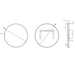 Crosswater Infinity Non-Illuminated Mirror - 500mm x 500mm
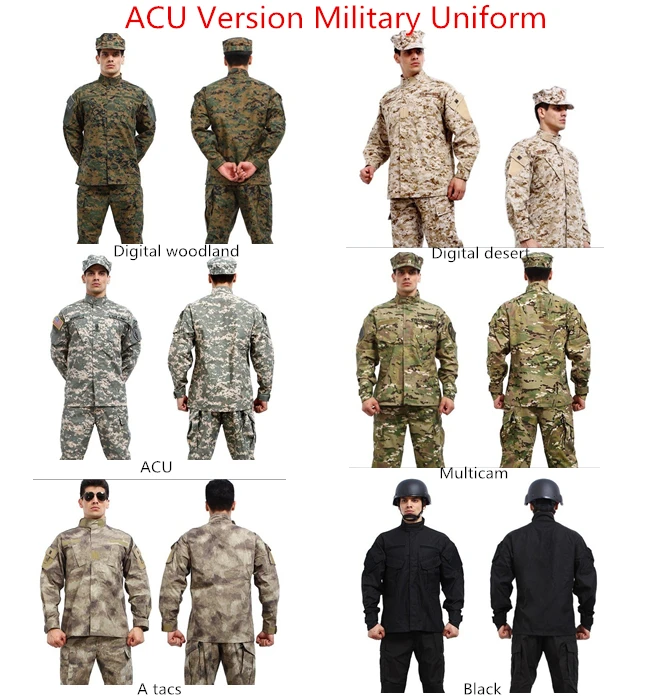 

Multicam Camouflage Military Training Combat Suits Tactical US Army Camo Uniforms CS Wargame Paintball Uniform, Coat + Pant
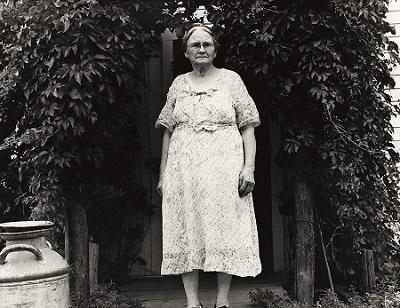 Dorothea Lange, Matriarch, South Dakota, silver print, 1939, printed 1950s. Estimate $4,000 to $6,000.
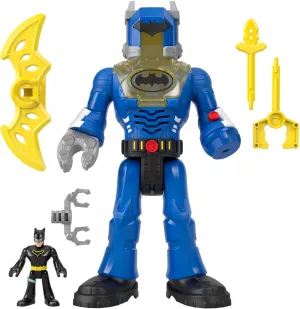 Fisher-Price Imaginext DC Super Friends Batman Toys Insider & Exo Suit 12-Inch Robot with Lights Sounds & Figure for Kids Ages 3  Years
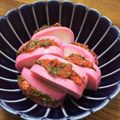 あゆみみみみ☆'s cooksnap of when they made 梅干と大葉でさっぱりかまぼこ.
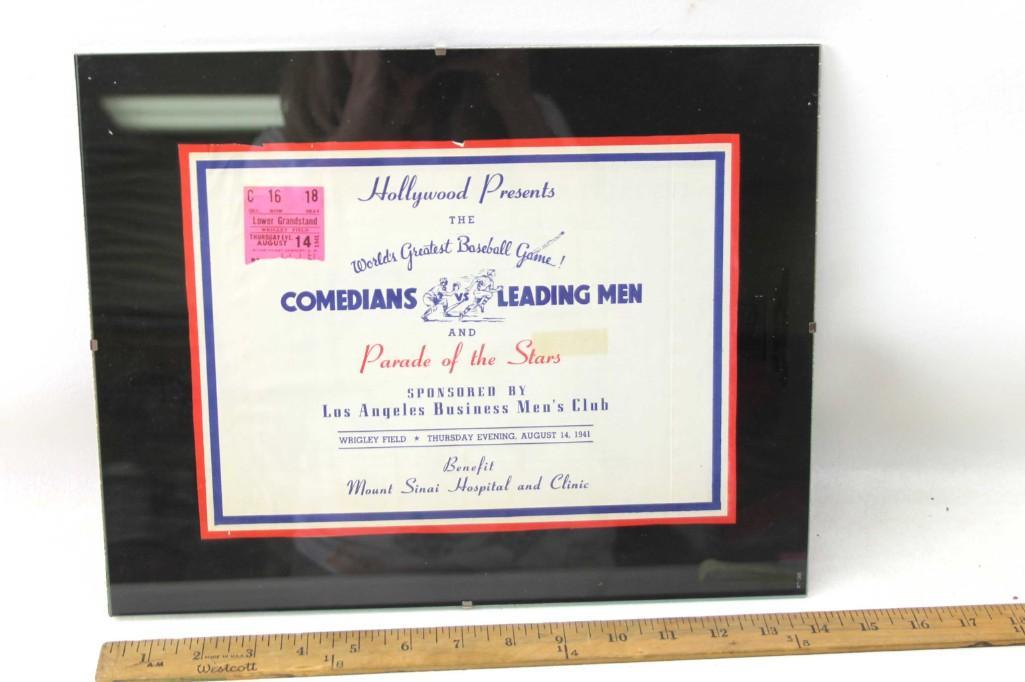 Hollywood Presents Comedians vs Leading Men Baseball (1 of 4)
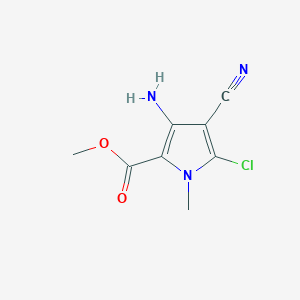 Methyl 3-amino-5-chloro-4-cyano-1-methyl-1H-pyrrole-2-carboxylate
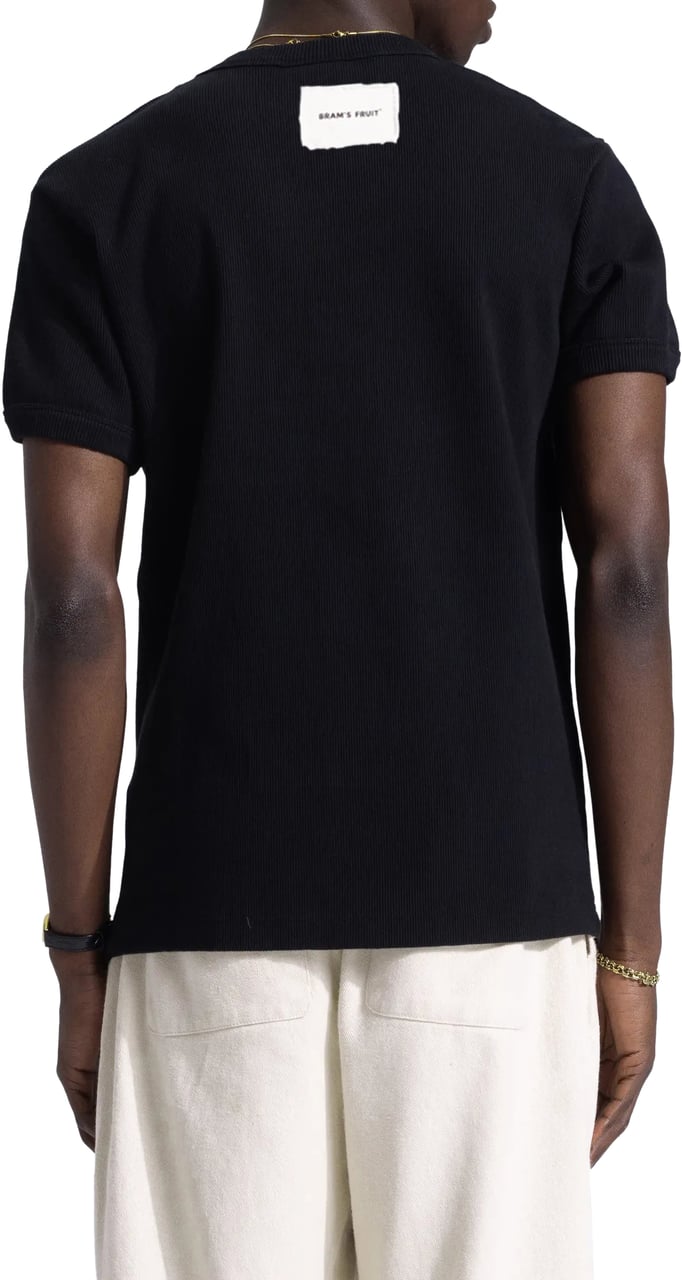 Bram's Fruit Heavy Rib T-shirt - Black Zwart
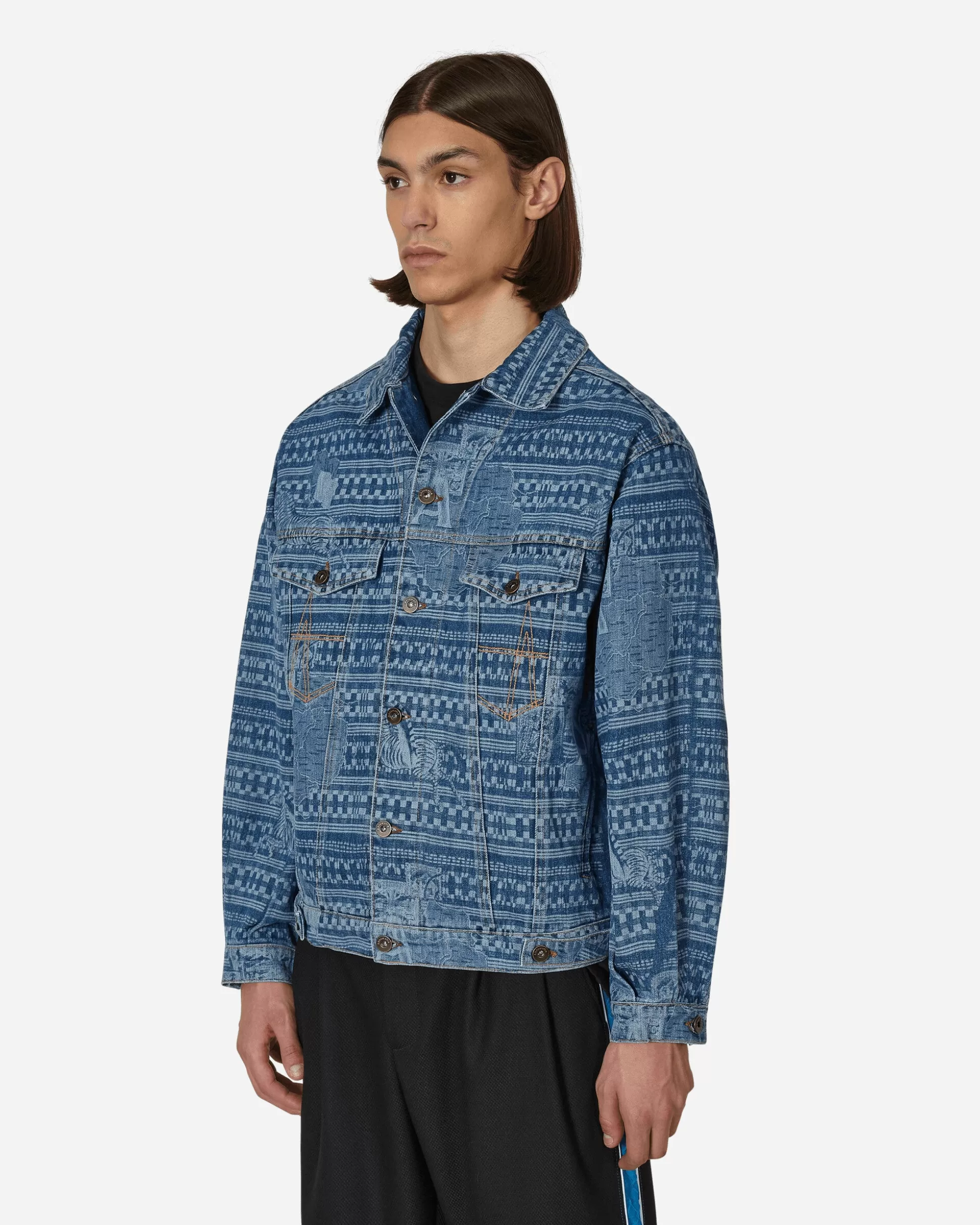 Ahluwalia Kampala Denim Jacket Blue Cheap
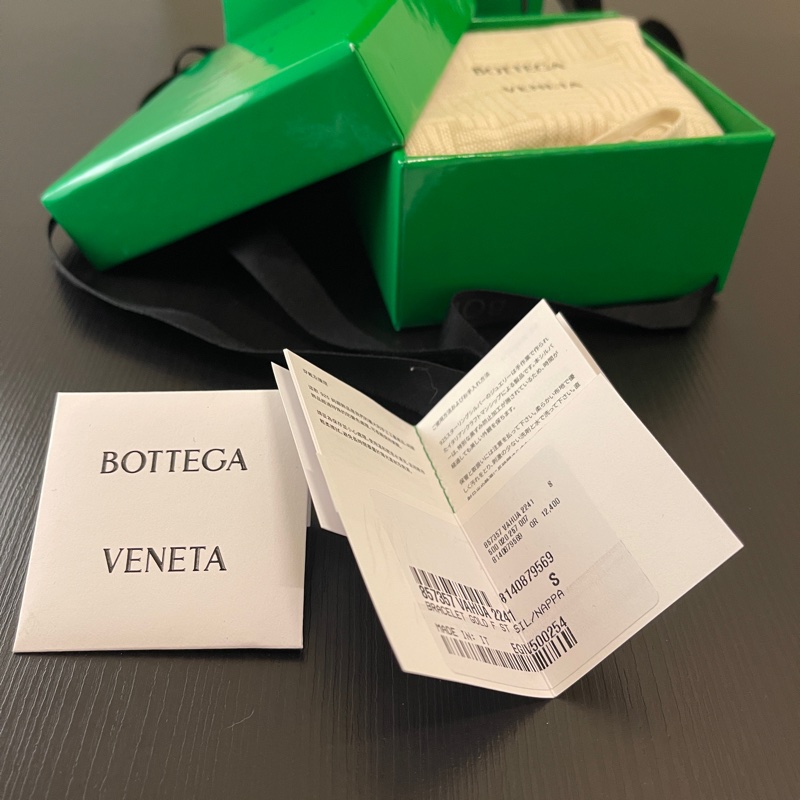BOTTEGA VENETA BV 銀飾結繩手鍊 Knot Bracelet 全新-4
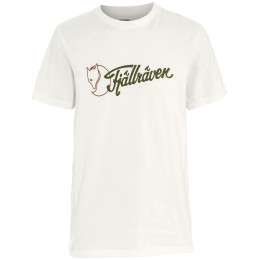 Maglietta da uomo Fjällräven Archive Logo T-Shirt M bianco Eggshell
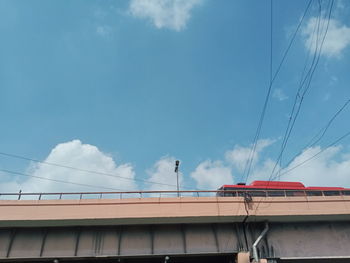 Low angle view of bridge against sky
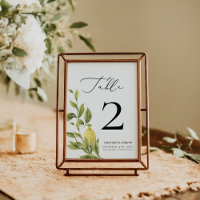 Lemon Mediterranean Calligraphy Wedding 2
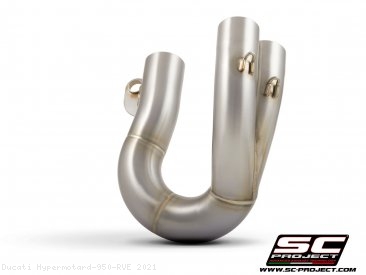 DeCat Link Pipe by SC-Project Ducati / Hypermotard 950 RVE / 2021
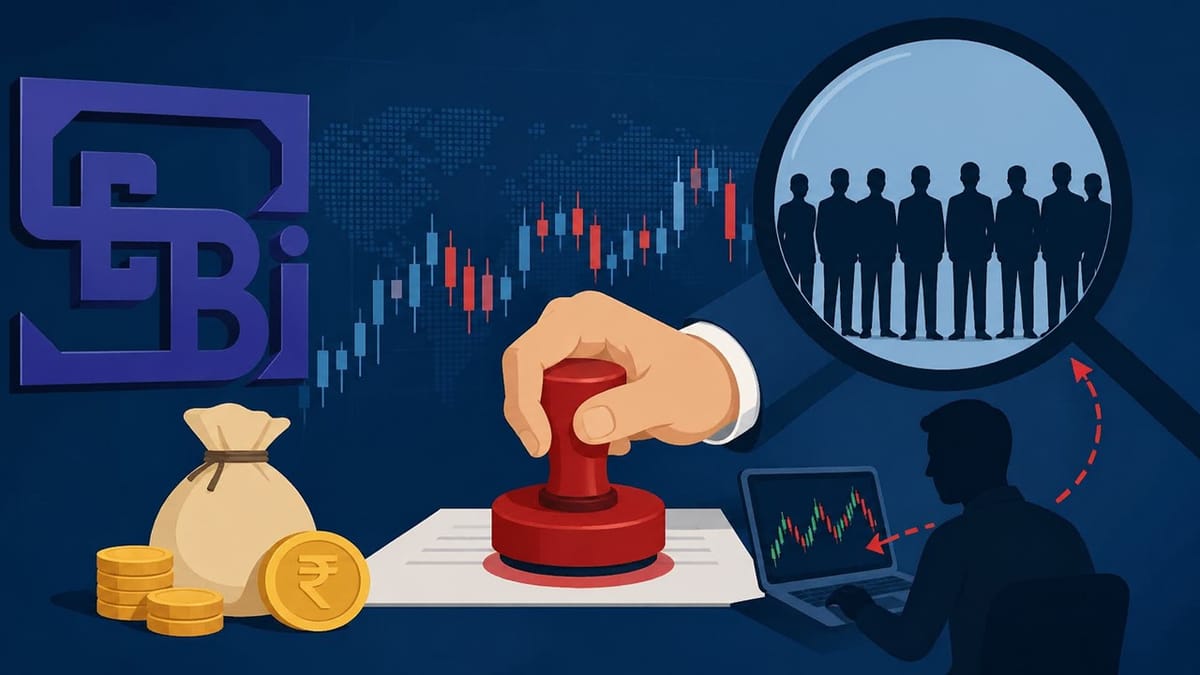 SEBI Imposes Penalty of Rs 1.5 Crore on Eight Entities for Front-Running Trades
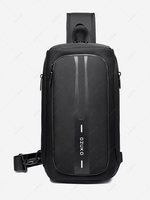 Outdoor Waterproof Multifunction USB Port Design Techwear Chest Bag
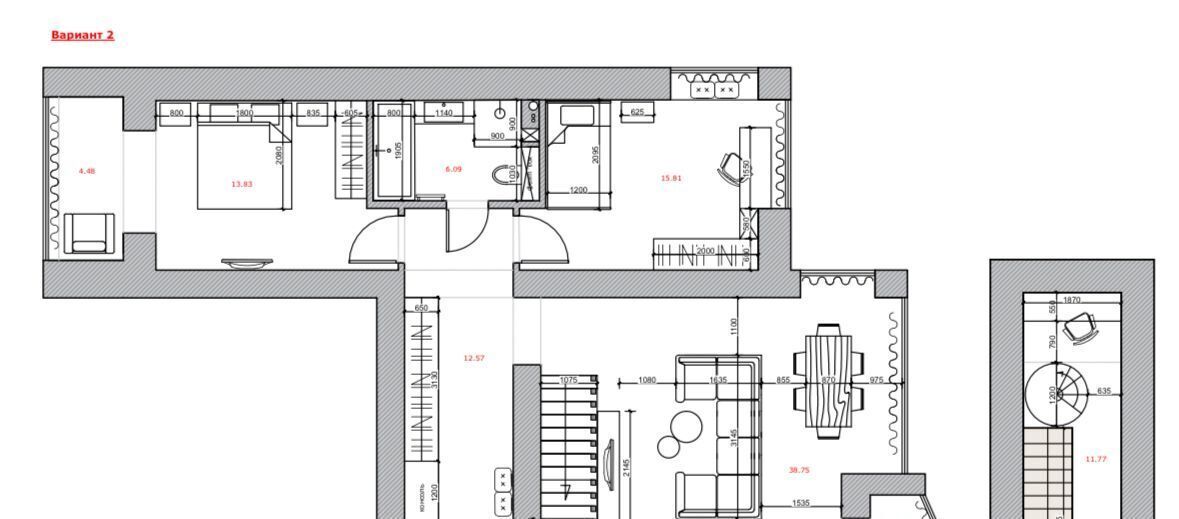квартира г Барнаул р-н Центральный ул Аванесова 44 фото 31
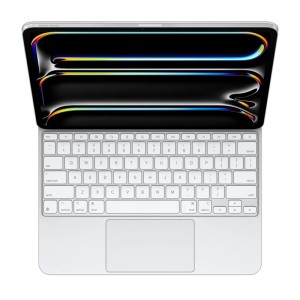 Чехол-клавиатура Apple Magic Keyboard для iPad Pro 13 (2024) White (MWR43) кириллица (лазерная гравировка) + QWERTY Чехол-клавиатура Apple Magic Keyboard для iPad Pro 13 (2024) White (MWR43) кириллица (лазерная гравировка) + QWERTY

PROBLEM REQUIREMENTS: Give back the data verbatim. The pictures are not part of the copy.

RESPONSE AREA:
 Crosswater Infinity Non-Illuminated Mirror - 500mm x 500mm

Multicam Camouflage Military Training Combat Suits Tactical US Army Camo Uniforms CS Wargame Paintball Uniform, Coat + Pant
 Dorothea Lange, Matriarch, South Dakota, silver print, 1939, printed 1950s. Estimate $4,000 to $6,000.
 Fisher-Price Imaginext DC Super Friends Batman Toys Insider & Exo Suit 12-Inch Robot with Lights Sounds & Figure for Kids Ages 3  Years
 あゆみみみみ☆'s cooksnap of when they made 梅干と大葉でさっぱりかまぼこ.
 Hollywood Presents Comedians vs Leading Men Baseball (1 of 4)
 Methyl 3-amino-5-chloro-4-cyano-1-methyl-1H-pyrrole-2-carboxylate
 Bram's Fruit Heavy Rib T-shirt - Black Zwart
 Ahluwalia Kampala Denim Jacket Blue Cheap
BOTTEGA VENETA BV 銀飾結繩手鍊 Knot Bracelet 全新-4
 Maglietta da uomo Fjällräven Archive Logo T-Shirt M bianco Eggshell
 Low angle view of bridge against sky
 Lemon Mediterranean Calligraphy Wedding 2
 DeCat Link Pipe by SC-Project Ducati / Hypermotard 950 RVE / 2021
 SEBI Imposes Penalty of Rs 1.5 Crore on Eight Entities for Front-Running Trades
 Outdoor Waterproof Multifunction USB Port Design Techwear Chest Bag
квартира г Барнаул р-н Центральный ул Аванесова 44 фото 31
 Чехол-клавиатура Apple Magic Keyboard для iPad Pro 13 (2024) White (MWR43) кириллица (лазерная гравировка) + QWERTY Чехол-клавиатура Apple Magic Keyboard для iPad Pro 13 (2024) White (MWR43) кириллица (лазерная гравировка) + QWERTY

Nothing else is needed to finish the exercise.